Philip F. Nelson
Player, professor, and Golf Committee chairman
The 1970s were not good times for Yale golf. The head professional and varsity coach, Al Wilson, left in 1970. An assistant football coach, Paul Amodio, was also the golf coach from 1970 to 1974, and Paul Lufkin had the job for 1974. The team won no league championships during that period. Superintendent Harry Meusel maintained the course under the direction of Widdy Neale, the Athletics Department business manager. The Eli Club, a club within a club, held tournaments for nonstudent members of the course, but very few students were using the course for golf (although some reportedly did come out for late-night, back-to-nature pursuits!). University officials considered out-sourcing the course management, and there was even talk of selling the golf course. Yale Corporation members Erwin Miller and Bill Beinecke vetoed that radical move, but there was widespread concern about the course’s future.
Yale University president Kingman Brewster decided not to turn management over to an outside company but rather to upgrade the golf program from within. It surprised some that he turned to a music professor to begin the effort. However, Philip Nelson had come to Yale in 1970 as the dean of the Graduate School of Music, but he also brought a 5-handicap. Nelson was born in Minnesota and began playing golf at age seven. After graduating from the University of North Carolina at Chapel Hill, he played well enough in the early 1950s to compete as an amateur in several PGA events before turning to the scholarly world of music history, receiving his Ph.D. in 1958 from the same school.

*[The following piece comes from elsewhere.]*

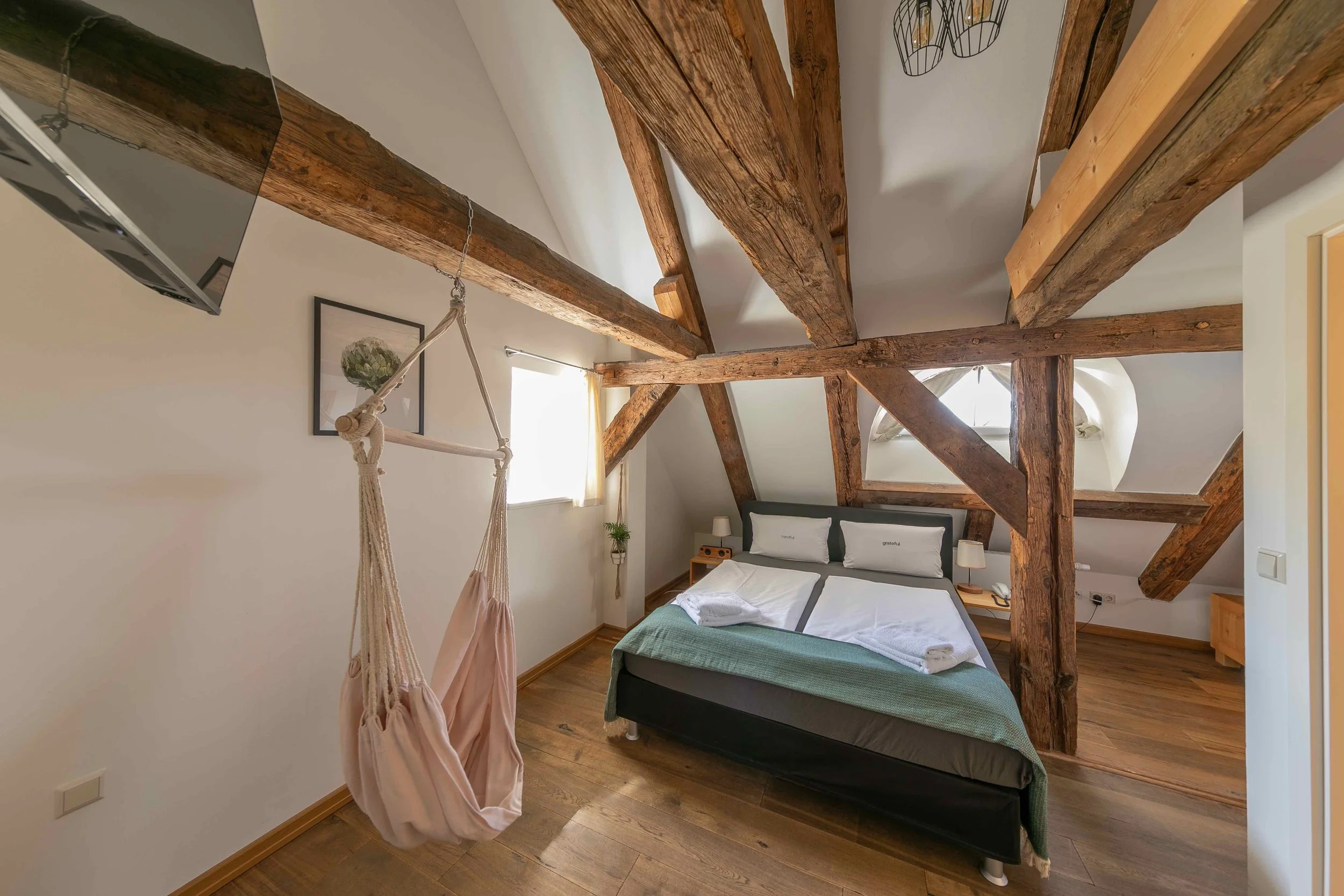 Ein Schlafzimmer mit einem Doppelbett, Holzdeckenbalken und einem kleinen Fenster an der Decke. Daneben hängt eine Hängehöhle an der Decke, und auf den Nachttischen stehen Lampen. Die Wände sind weiß, und der Boden ist holzfarben.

President Brewster appointed Dean Nelson to chair a committee charged with finding someone to fill the new position of Director of Golf. The other committee members were Dick Tettlebach, Burt Resnik, Herb Emanuelson, Richard Broadbent, and Herb Wind. Professor Nelson remembers that they did in fact find the golf program “in disarray, with Widdy running the course as his own.” For the Director of Golf they considered many prominent people; several were suggested by Byron Nelson, who was a friend of (though no relation to) Philip Nelson. But, the name David Paterson kept coming up. His lifelong background in golf, his apprenticeship in course and club management at Turnberry and subsequent professional directorships in Bermuda and the Northeast, his playing experience in British and US PGA tournaments, and his education in both science and art, perfectly matched the committee’s desire for a “golf person, but one with an intellectual and cultural background.” Phil Nelson remains very proud of his role in selecting and bringing to Yale, David Paterson, who ushered in a new era of Yale golf by upgrading the golf program, developing winning traditions in both men’s and women’s golf, and working towards the restoration of the course and its facilities.